- Work required: Write out again only the lines between the one with "After the drilling" and the end of the records below, both ends counted, and don't include the pictures.

- Data in this exercise:
::::::::

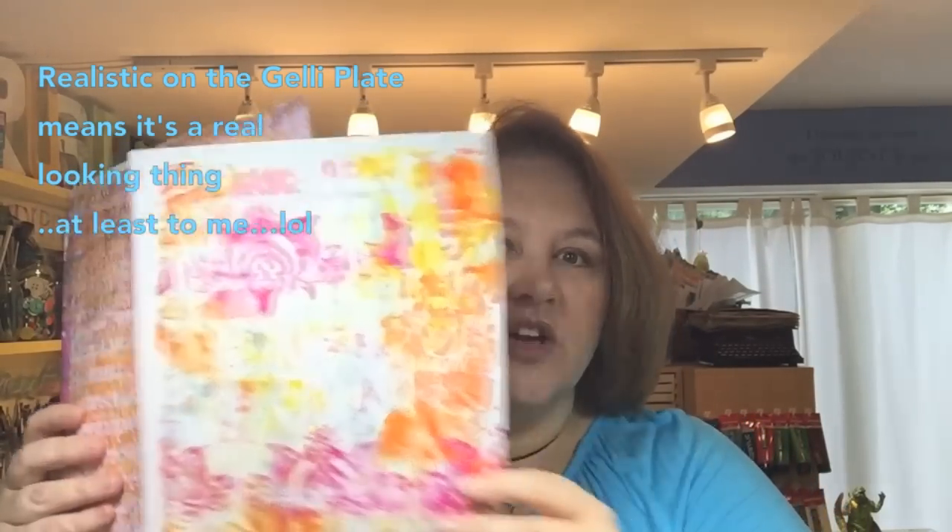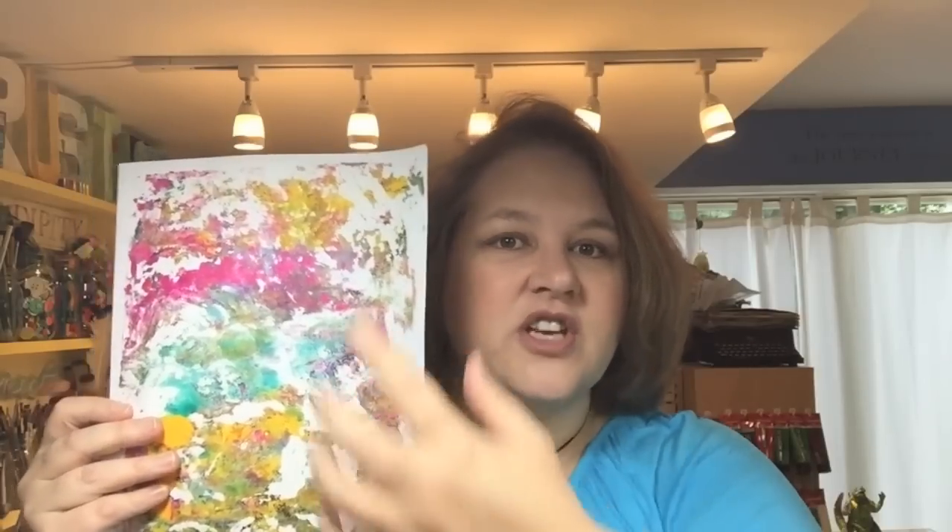What size jelly plate should you get? What about the brayer? What kind of paper should you use? You may have seen prints that people have created — something that looks very realistic, or something that's just a more complex pattern, or using stencils, or just getting some rich layers of color. Using a jelly plate to create layers of colors and get that look is actually really quick and easy.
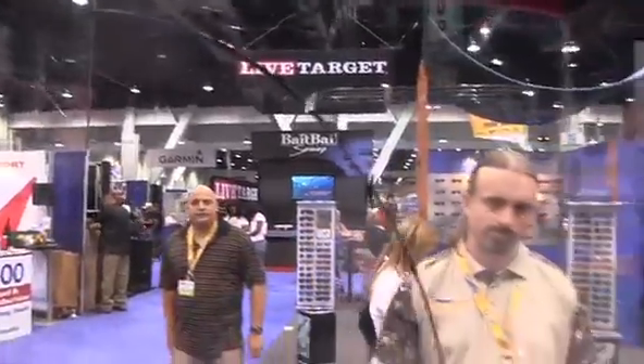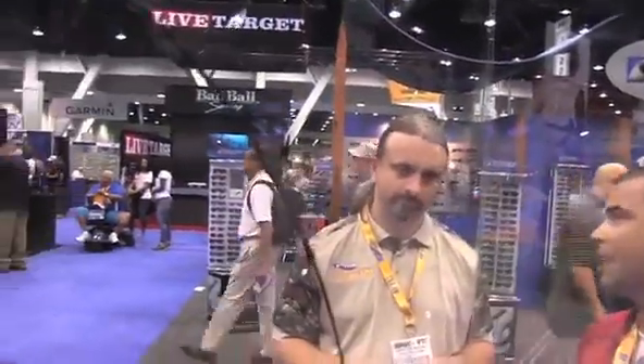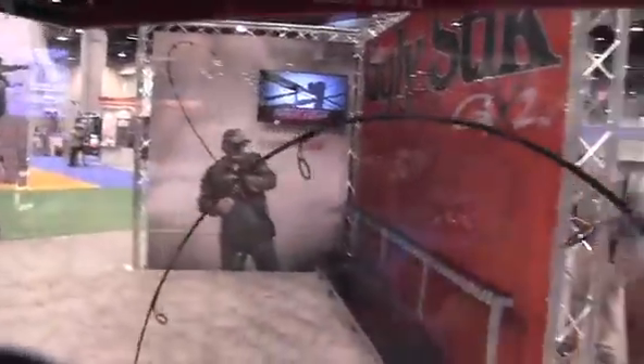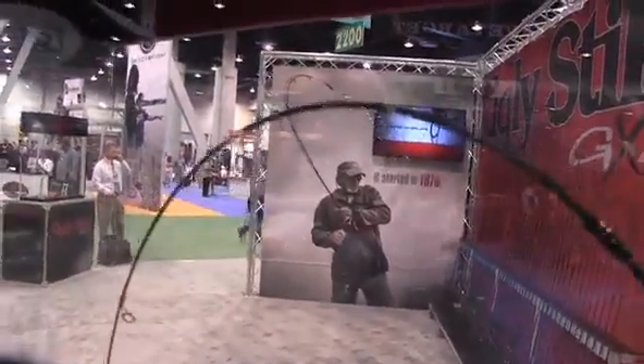We also improved the guides. We've got a one-piece stamped stainless steel guide. This is something that has been a long time coming. A lot of our consumers have said, help us out with the guides — I'm always getting these insert pop-outs. And this is our answer to that. We're calling them Ugly Tough Guides, and it's unique to Ugly Stick now.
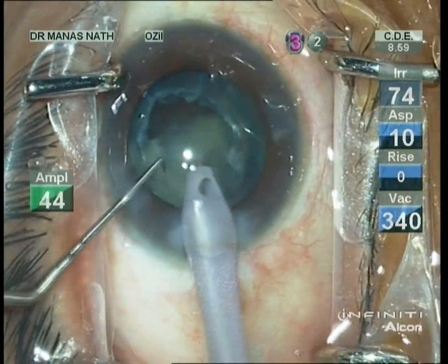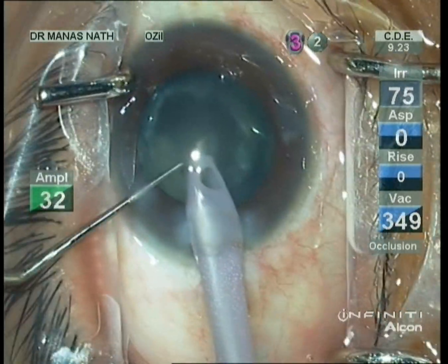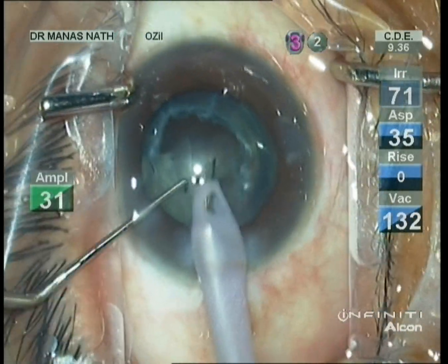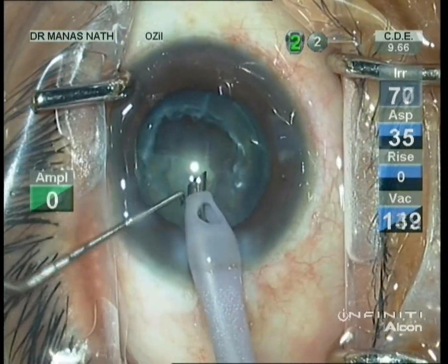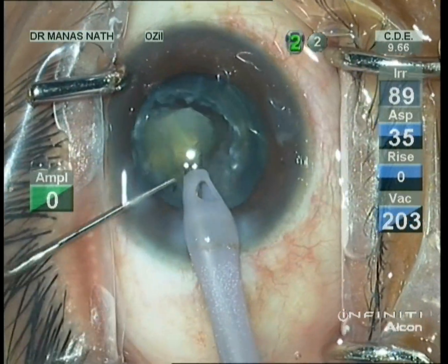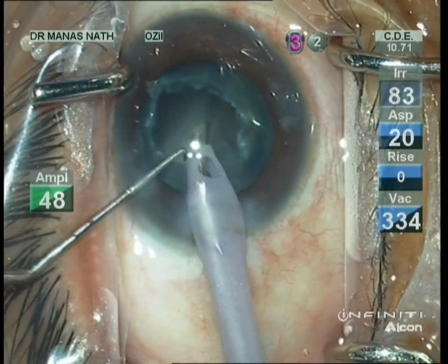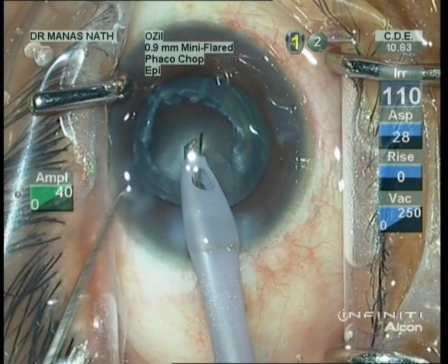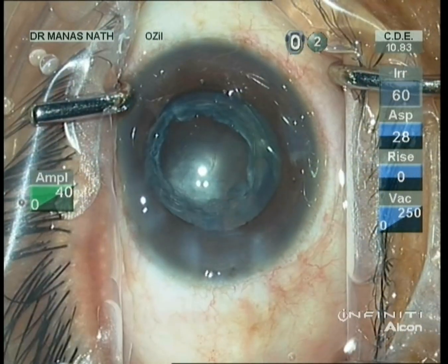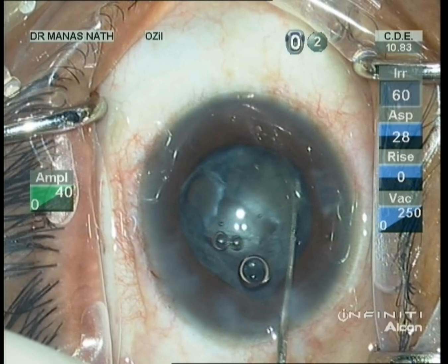Now emulsifying the chopped pieces. The remaining separated pieces were held with the help of the phaco probe and with the help of a second instrument, they were taken out from the bag and emulsified. This is the last piece — without much rotation, the piece has been emulsified.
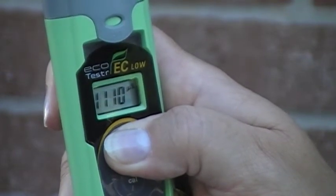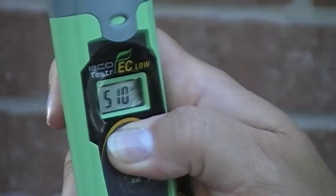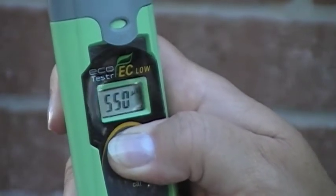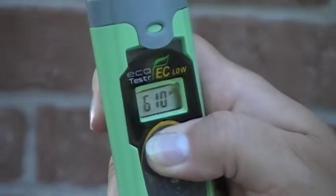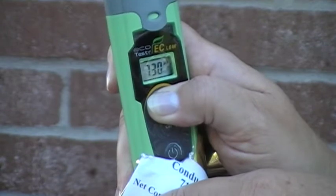You can calibrate your conductivity meter the night before a sampling event, and it will be good for the next day. It doesn't matter how many sampling sites you have — it will be good as long as they're all done on the same day.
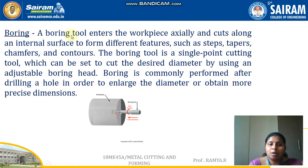After the drilling operation, a boring operation is done to enlarge the holes produced by drilling. While drilling only achieves a hole equal to the drill bit diameter, boring is used to enlarge that hole further. A boring tool enters the workpiece axially and cuts along an internal surface to form different features such as steps, tapers, chamfers, and contours. The boring tool is a single point cutting tool.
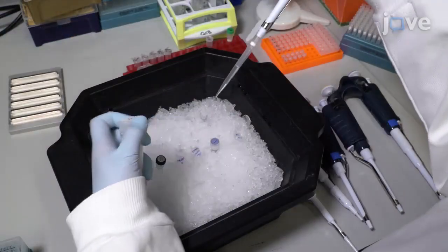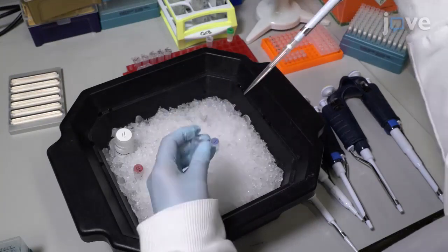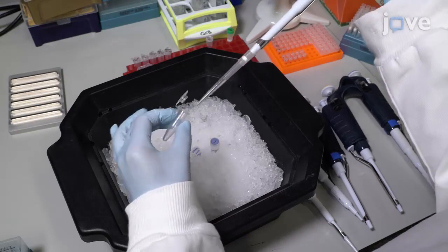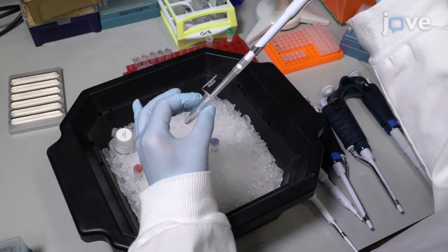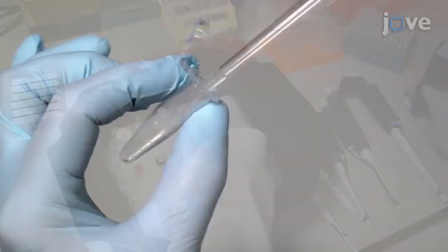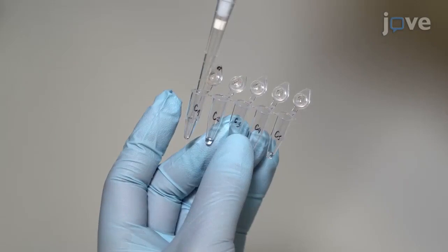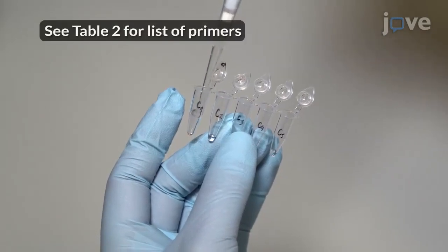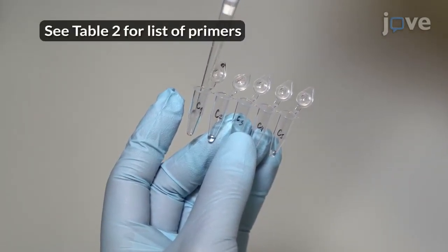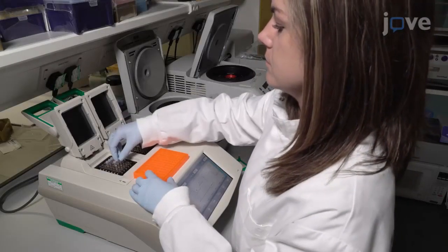Start by preparing the PCR mix for each template. Combine buffer, dNTPs, unique forward primer, template plasmid with the synthetic carrier gene, and fusion polymerase according to manuscript directions. Mix reagents by pipetting. Add 90 µL of the PCR mix to 10 µL of each reverse primer and mix. Refer to the manuscript for thermocycling conditions.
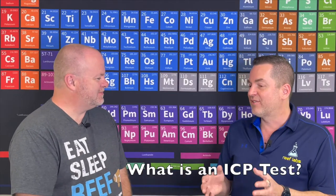An ICP test is really a way of determining the elemental composition of the water in your aquarium or aquaculture system. We're looking at individual elements like we have here on the periodic table, as opposed to molecules or more complex things. These are the basic building blocks of life and they have a lot of influence on the organisms in your system, often in surprising ways as we've found out over time.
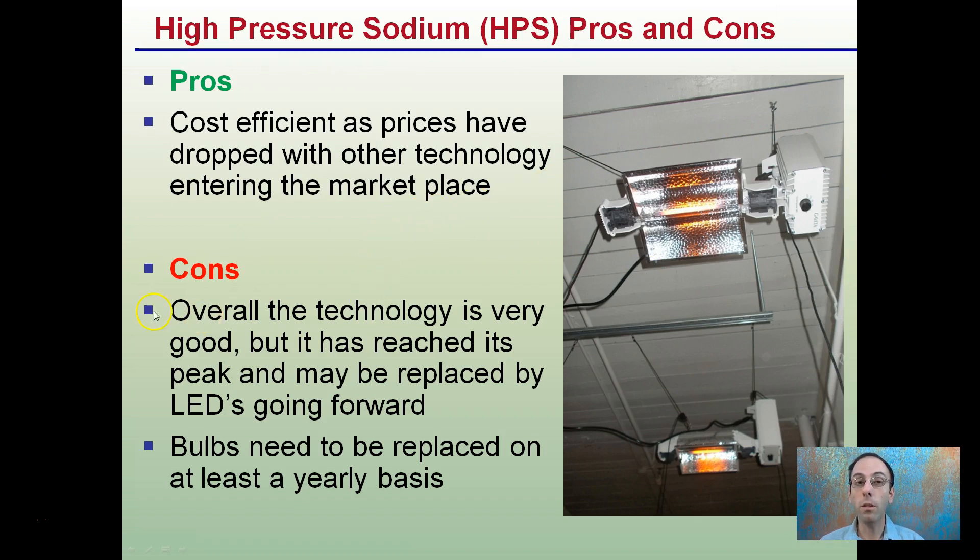Overall the technology is very good, but it's reached its peak and may be replaced by LED lights going forward. Bulbs need to be replaced on at least a yearly basis, and reflectors typically every other year to every three, or at max every four years.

::::::::

- Exercise response:
After the drilling operation, a boring operation is done to enlarge the holes produced by drilling. While drilling only achieves a hole equal to the drill bit diameter, boring is used to enlarge that hole further. A boring tool enters the workpiece axially and cuts along an internal surface to form different features such as steps, tapers, chamfers, and contours. The boring tool is a single point cutting tool.
Start by preparing the PCR mix for each template. Combine buffer, dNTPs, unique forward primer, template plasmid with the synthetic carrier gene, and fusion polymerase according to manuscript directions. Mix reagents by pipetting. Add 90 µL of the PCR mix to 10 µL of each reverse primer and mix. Refer to the manuscript for thermocycling conditions.
An ICP test is really a way of determining the elemental composition of the water in your aquarium or aquaculture system. We're looking at individual elements like we have here on the periodic table, as opposed to molecules or more complex things. These are the basic building blocks of life and they have a lot of influence on the organisms in your system, often in surprising ways as we've found out over time.
Overall the technology is very good, but it's reached its peak and may be replaced by LED lights going forward. Bulbs need to be replaced on at least a yearly basis, and reflectors typically every other year to every three, or at max every four years.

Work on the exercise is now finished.